- [YOUR OBJECTIVE] Pull out the lines from the one containing "Ariat Sale - Essential Crew Sweatshirt" through the final line of the listing below and repeat them exactly. Leave the pictures behind.

- [PROVIDED MATERIAL]
=====

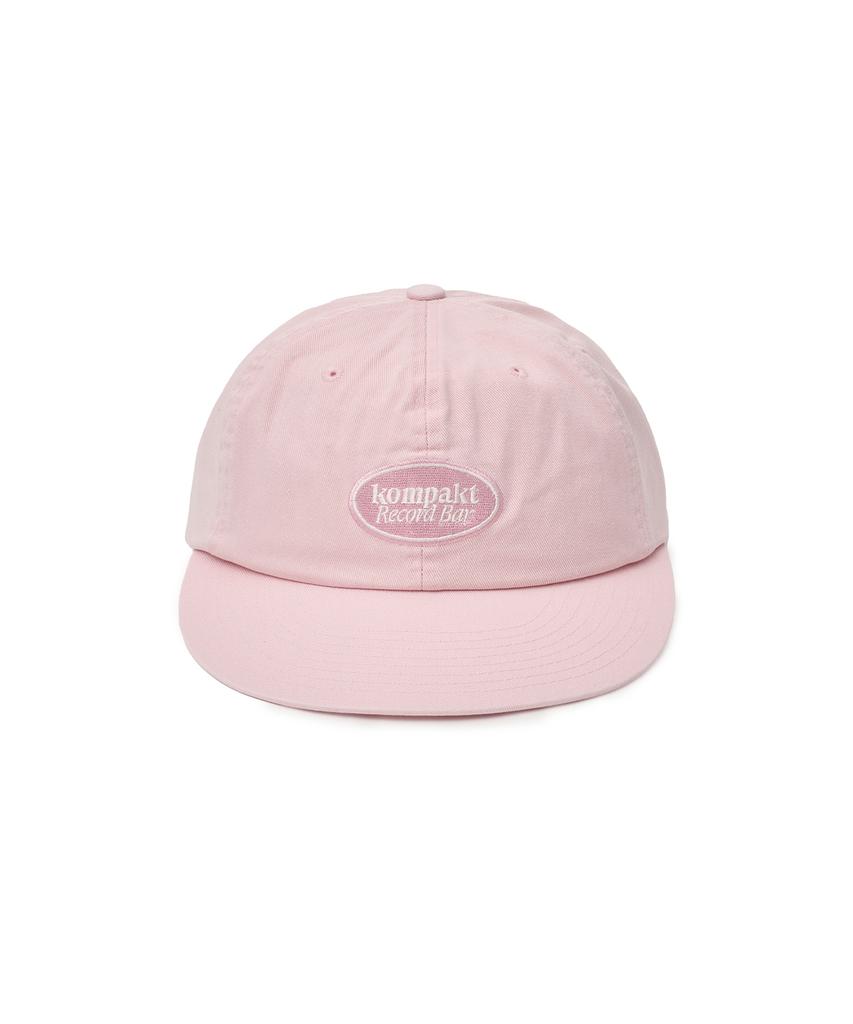 Kompaegteulekodeuba Krb 6Panel Oval Logo Cap - Pink
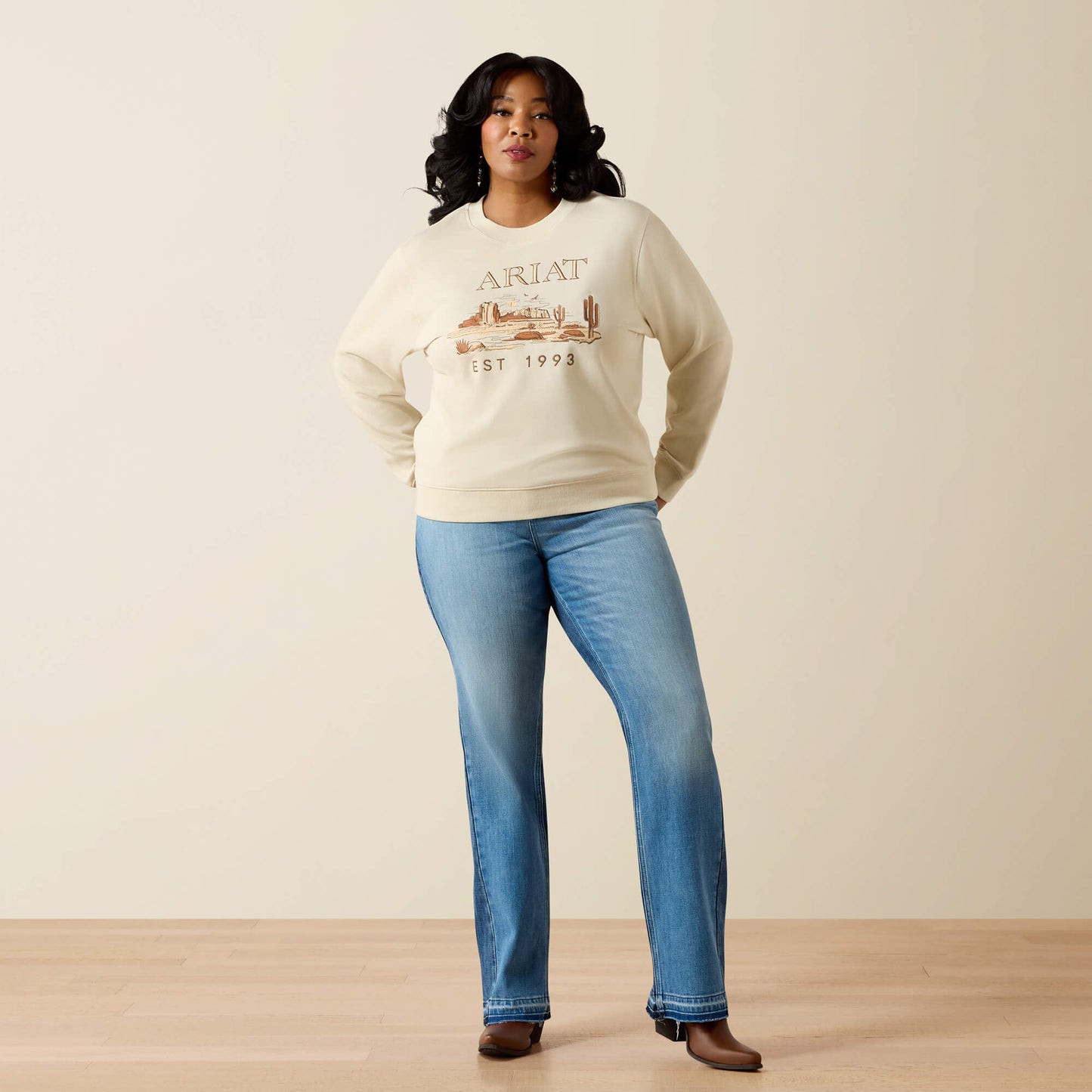 Ariat Sale - Essential Crew Sweatshirt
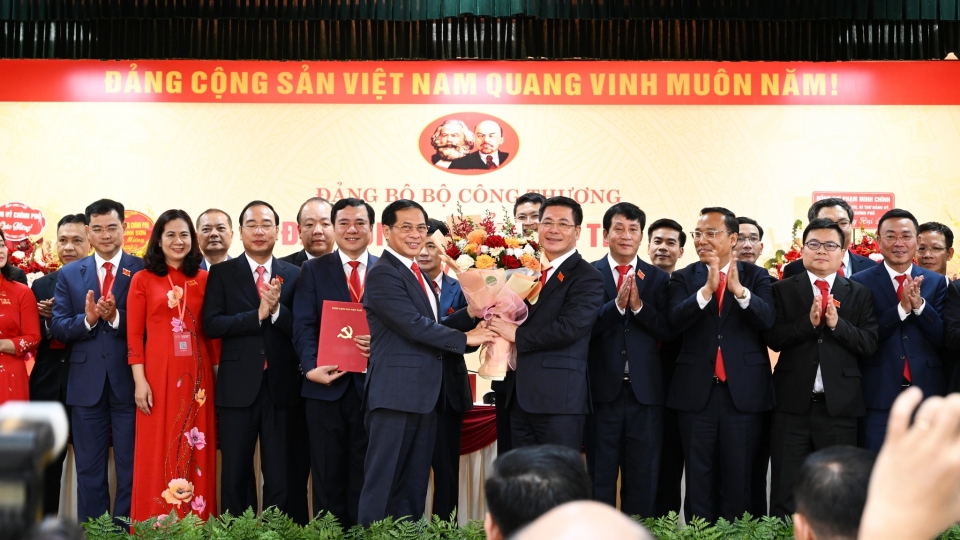 Ông Nguyễn Hồng Diên được chỉ định giữ chức Bí thư Đảng ủy Bộ Công Thương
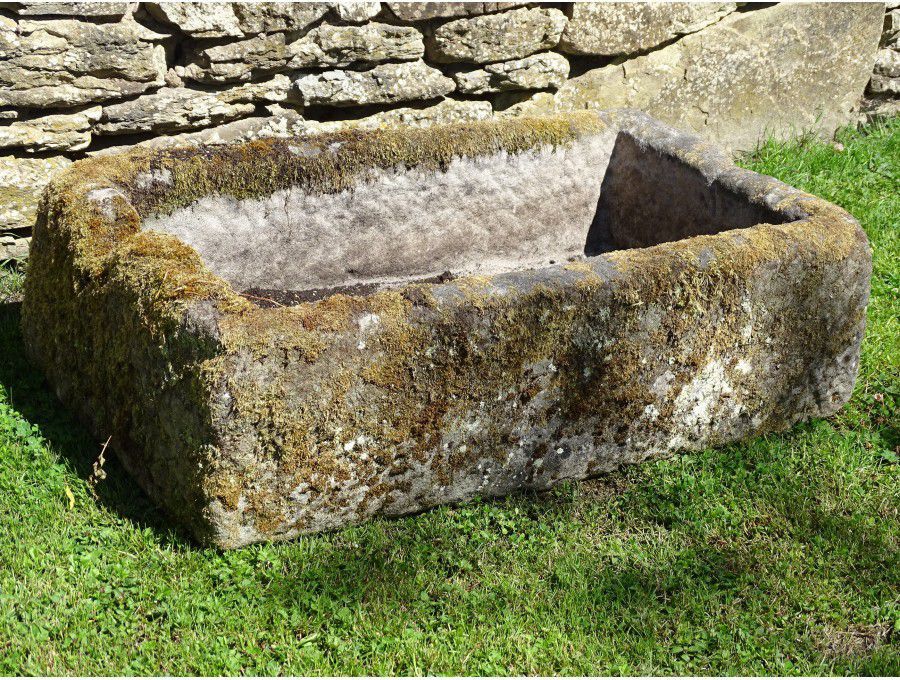 Antique Sandstone Trough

=====

- [WRITTEN SOLUTION]
 Ariat Sale - Essential Crew Sweatshirt
 Ông Nguyễn Hồng Diên được chỉ định giữ chức Bí thư Đảng ủy Bộ Công Thương
 Antique Sandstone Trough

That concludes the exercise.